De hautes personnalités politiques européennes ont affirmé que le programme de l’État Islamique était délirant: «Cela n’a rien à voir avec l’Islam. C’est le fait de gens incultes et fanatiques qui ne savent rien de l’histoire et de la civilisation musulmanes». Affirmation forte mais malheureusement inexacte.

Prenons par exemple Mehmed II (1432-1481), célèbre pour s’être emparé de Constantinople en 1453 et d’avoir ainsi mis fin à un empire byzantin chrétien vieux de plus d’un millénaire. Mehmed était sultan, fils de sultan, parlait le turc, l’arabe et le persan, il connaissait probablement du grec et du latin. Il était écrivain, composait des poèmes, s’était entouré d’une cour raffinée. La prise de Constantinople faisait partie d’un plan mûrement réfléchi.
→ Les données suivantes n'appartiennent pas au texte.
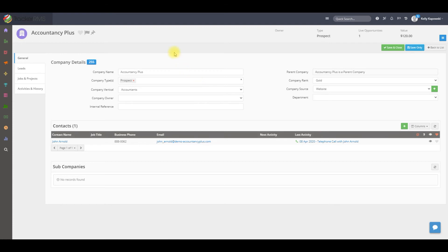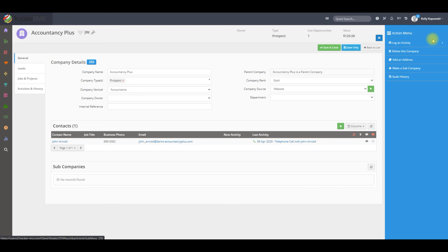If you have an already created parent client and you would like to change it to a subclient, you can click on the action menu, and you'll see make subcompany.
Il voulait s’emparer de la ville pour y installer la capitale de son propre empire, dont il sera le chef à la fois politique et religieux.

Après un dur combat, il pénètre dans la cité, massacre les derniers défenseurs, dont l’empereur Constantin XI, dont on ne retrouvera jamais le cadavre. Il entre dans Sainte-Sophie, la plus grande église de la chrétienté, piétine l’autel pour le désacraliser, et la transforme en mosquée. Il se bâtit un palais princier aux environs, s’affirmant ainsi le successeur du prestigieux Empire byzantin.

Les Ottomans musulmans, dont il est le chef, tiennent déjà l’ouest de la Turquie actuelle et une partie des Balkans. Il envoie ses généraux vers ce qui reste de la Grèce. Ils s’emparent de l’Eubée, massacrent la population de sa capitale Négroponte, possession vénitienne, n’épargnant qu’un certain nombre de jeunes filles de moins de quinze ans. Mehmed II annonce son intention de vider l’Europe des disciples du Christ. C’est ainsi qu’une expédition se dirige vers l’Italie en 1480 et prend le port d’Otrante. La ville se défend mais elle est submergée par des forces largement supérieures. Selon les chroniqueurs chrétiens, les soldats sont tués, le chef de la garnison scié vif, les prêtres crucifiés. Le monastère voisin est pillé et sa bibliothèque, qui passe pour une des plus riches de son temps, brûlée. Quelques huit cents habitants, qui s’étaient réfugiés sur une hauteur voisine, sont exécutés pour avoir refusé de se convertir à l’islam. Ils seront plus tard honorés comme martyrs et leurs ossements recueillis dans la cathédrale de la ville.

Le roi de Naples et le pape s’inquiètent. Ils comprennent que l’Italie et surtout Rome sont visés. C’est effectivement l’objectif du sultan. Il faudra du temps pour que Ferdinand d’Aragon et le pape parviennent à organiser une défense efficace. Les Ottomans tenteront cette conquête de l’Europe jusqu’au siège de Vienne en 1683.

Il y a quelques semaines, l’État islamique en Lybie l’a évoquée à nouveau.

Cela peut paraître fantasmatique et irréaliste, mais ce sont précisément de telles visions qui enchantent les nostalgiques de la grande épopée arabe ainsi que les adolescents nouvellement convertis. L’État Islamique en Irak et en Syrie est moins une caricature que le réveil d’un vieux songe qui est en train de tourner au cauchemar. Et n’oublions pas que Mehmed II reste une référence pour le président turc Erdogan, qui souhaite redonner Sainte-Sophie au culte musulman.